=== Data listing ===

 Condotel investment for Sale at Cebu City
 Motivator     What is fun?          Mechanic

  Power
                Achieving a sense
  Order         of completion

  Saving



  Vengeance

=== Your goal ===
Exactly as shown above, return every record.

=== Result for this exercise ===
 Condotel investment for Sale at Cebu City
 Motivator     What is fun?          Mechanic

  Power
                Achieving a sense
  Order         of completion

  Saving



  Vengeance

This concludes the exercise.